Our first-principles calculations are based on Linearized Augmented Plane Wave (LAPW) method as implemented in the Wien2k code²⁴ with no shape approximation to the potential and charge density. For the number of plane waves in LAPW calculations, the criterion used is muffin-tin radius multiplied by K_max (for the plane wave) yielding a value of 7.0. Results have been cross-checked in terms of calculations in plane wave basis as implemented in the Vienna Ab-initio Simulation Package (VASP)^25,26 with projector-augmented wave (PAW) potential²⁷. The kinetic energy cut-off for expansion of wavefunctions used is 450 eV and reciprocal space integrations are carried out with a k-space mesh of 8 × 8 × 8. The exchange-correlation functional is chosen to be that given by generalized gradient approximation (GGA)²⁸. Both Cr and Os being transition metal ions correlation effect necessarily arise and GGA alone may not sufficient to take into account of this. The correlation effect beyond GGA at the transition metal sites in our calculations is taken into account through supplemented on-site Hubbard U correction via GGA + U formulation²⁹. Cr being 3rd transition metal and Os being 5d transition metal with wider bands compared to Cr, it is expected correlation effect will be stronger in Cr compared to Os. We have thus chosen U values of 4.8 eV and 1.8 eV at 3d Cr and 5d Os sites, respectively. The Hund´s coupling parameters J_H is chosen to be 0.8 eV, giving rise to U_eff = U – J_H = 4 eV and 1 eV on Cr and Os sites, respectively.

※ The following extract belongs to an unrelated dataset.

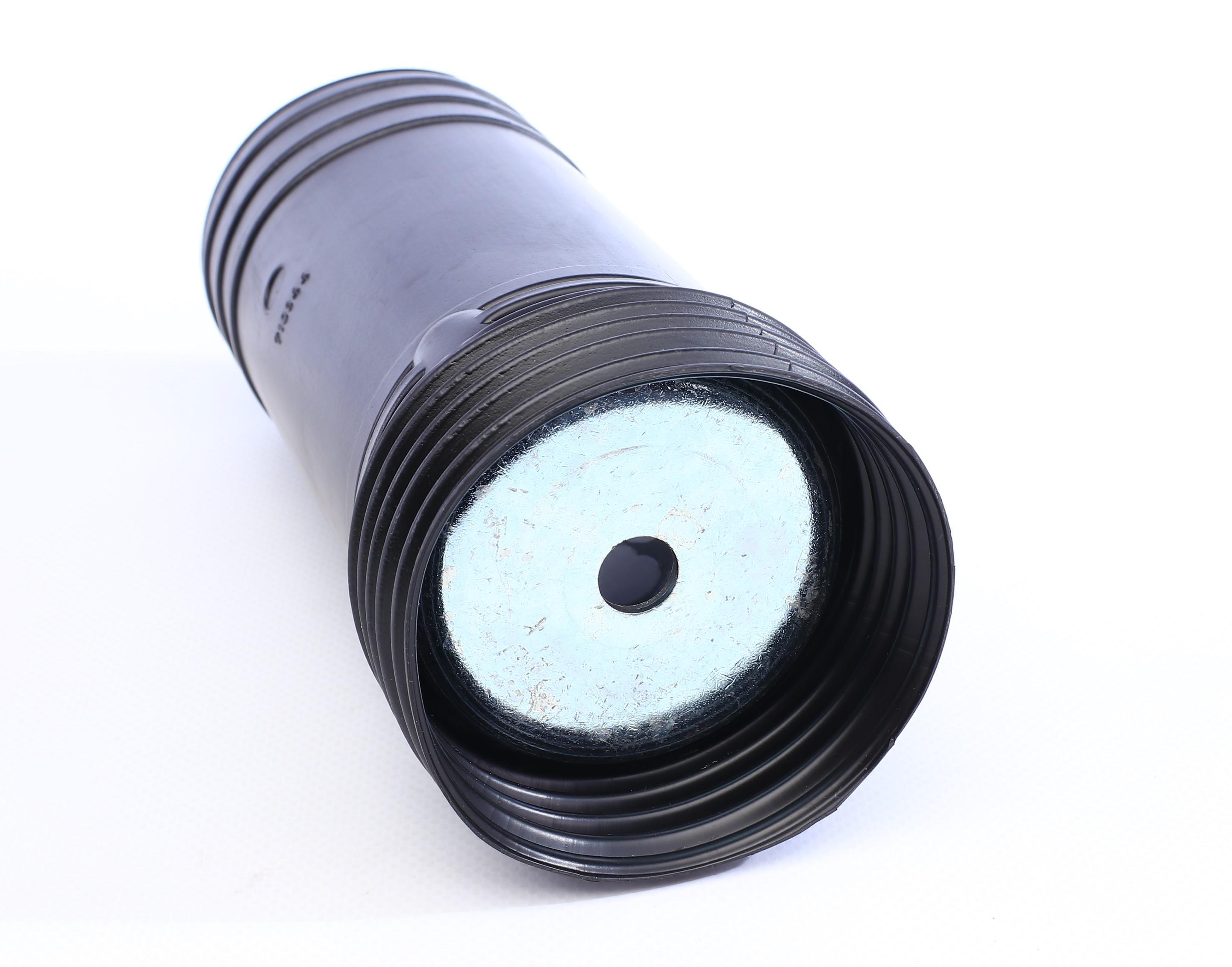 Пильник амортизатора (заднього) BMW X5 (E70)/X6 (E71/E72) 3.0-4.8 06-14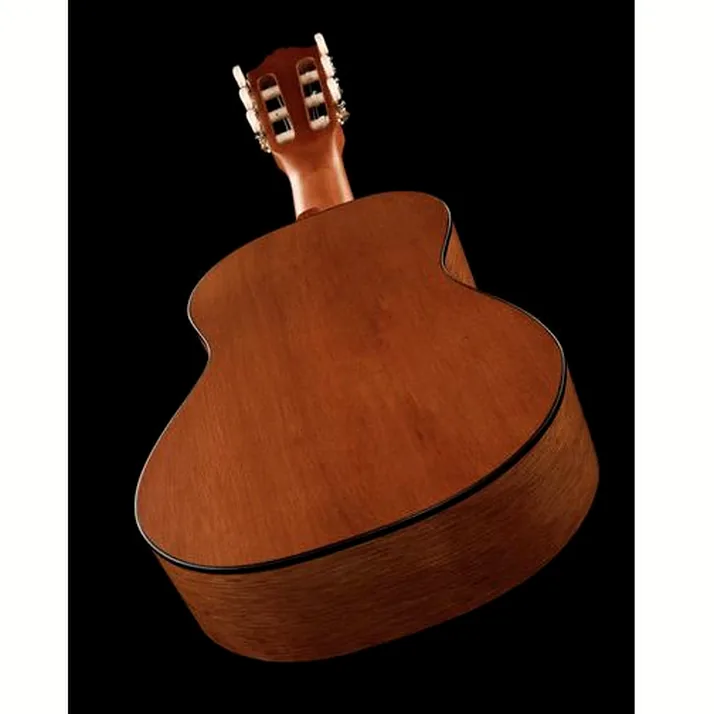 Yamaha GL1 Guitalele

The trend of our results does not depend on chosen U value. Spin-orbit coupling (SOC) important due to presence of Os ions is included in the calculations in scalar relativistic form as a perturbation to the original Hamiltonian. The inclusion of U was found to be necessary for opening up a clear band gap in the parent compound in presence of SOC. For extraction of a few-band, tight-binding Hamiltonian out of full DFT calculation, to be used as input to exact diagonalization study, we carry out muffin-tin orbital (MTO) based NMTO-downfolding calculations³⁰. The reliability of the calculations in different basis sets has been checked.

The results of exact diagonalization calculations are carried out on a lattice of dimension 8 × 8 × 8. Calculations have been carried out as well for lattices of different sizes and the trend is found to be the same as that presented.